Amateur astronomers complain of light pollution and can’t properly observe celestial bodies. Others complain streets and sidewalks are poorly lit, therefore unsafe.

I sometimes wonder whether we need to spend so much energy on lighting streets all night. While in Ukraine this summer, the lack of street lamps in urban residential areas was remarkable. Felt as if I was in the country, walking from building to building in the dark.

What if we lowered the power requirements? This street lamp, powered by solar and wind, outside the Panasonic Center in Tokyo presents a simple solution.

According a story on Reuters earlier today, prices for solar panels are expected to drop:

The solar power sector will produce an over supply of solar panels in 2009, said Zhengrong Shi, chief executive of the world’s biggest module manufacturer Suntech (STP.N: Quote, Profile, Research, Stock Buzz).

“We expect definitely an over supply of modules next year,” he told Reuters in an interview, adding Suntech expected its euro-denominated prices to fall by 10-15 percent next year, by 25-30 percent in dollars, compared to the third quarter of 2008.

“The financial crisis has accelerated that situation,” Shi said. The entire sector could halve the cost of solar power before 2012, he added, assuming companies cooperated on cutting prices across the supply chain.

Low-carbon solar photovolataic (PV) power is much more expensive than fossil fuel alternatives and provides a tiny fraction of the world’s electricity. The sector is under pressure to cut costs to prove it can scale up.

“Definitely it’s do-able,” Shi said, referring to a goal of cutting the cost of solar-powered electricity before 2012 to about 16 euro cents per kilowatt hour, compared to a guaranteed solar power price in much of Europe now of about 30 cents.

“We can’t do it on our own. The whole industry has to contribute, can achieve it. Otherwise the market will be limited, governments will get impatient.”

Suntech makes solar panels from highly purified silicon. A generally less efficient but cheaper solar PV alternative is called thin film, made from dyes and other materials, and that sector is cutting prices, too.

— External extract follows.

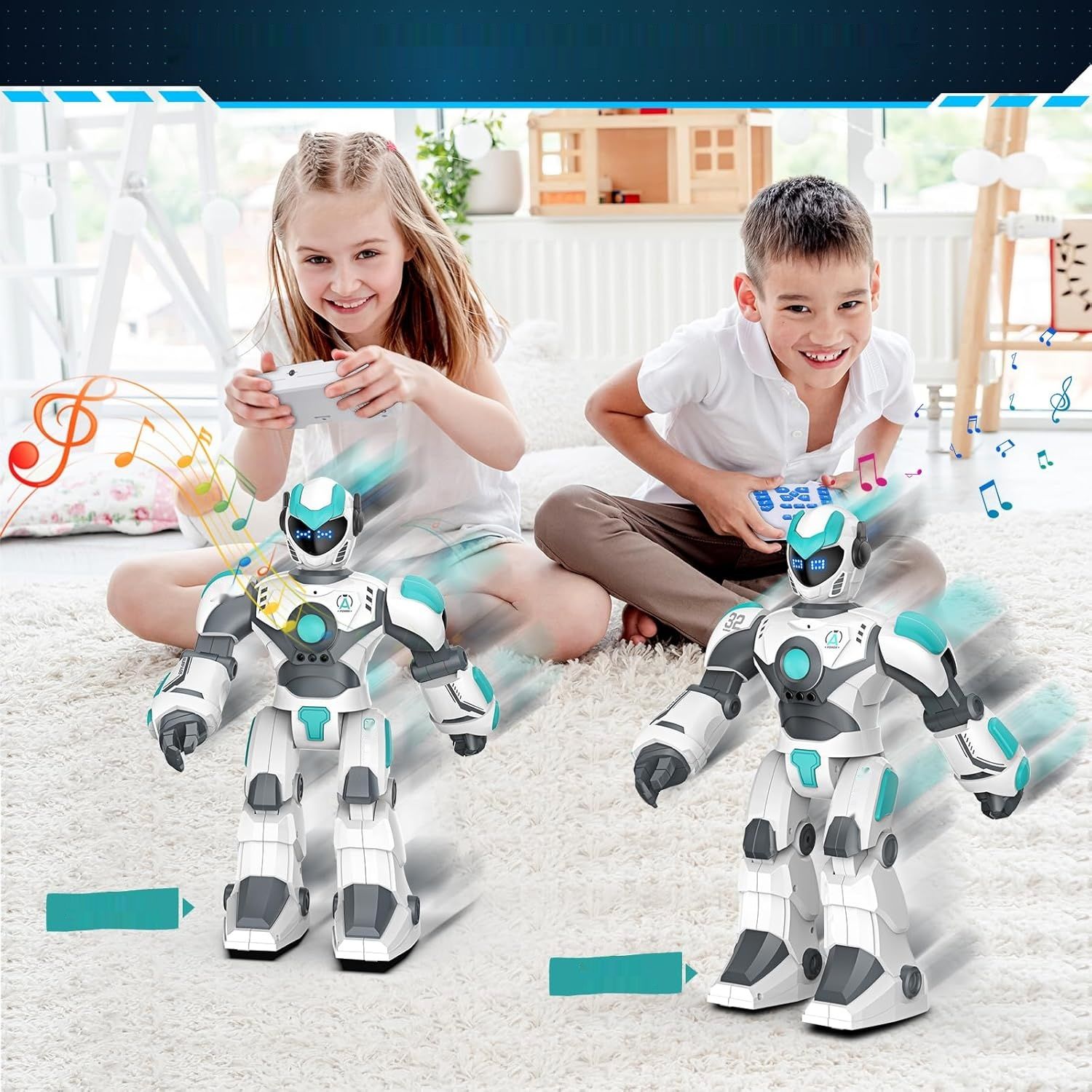 VATOS Robot zabawka dla dzieci, 40 cm, zdalnie sterowana, programowalna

“We haven’t cut prices of our solar panels as they are already priced below the market but others have been lowering their prices visibly over the last months,” said Mike Ahearn, chief executive of First Solar (FSLR.O: Quote, Profile, Research, Stock Buzz), a thin-film manufacturer.

Improving infrastructure and using clean energy simultaneously is something we might see after Mr. Obama takes office in January. Why not street lamps? There’s probably more than 15 million of those in the U.S. alone. They’re being deployed in China now.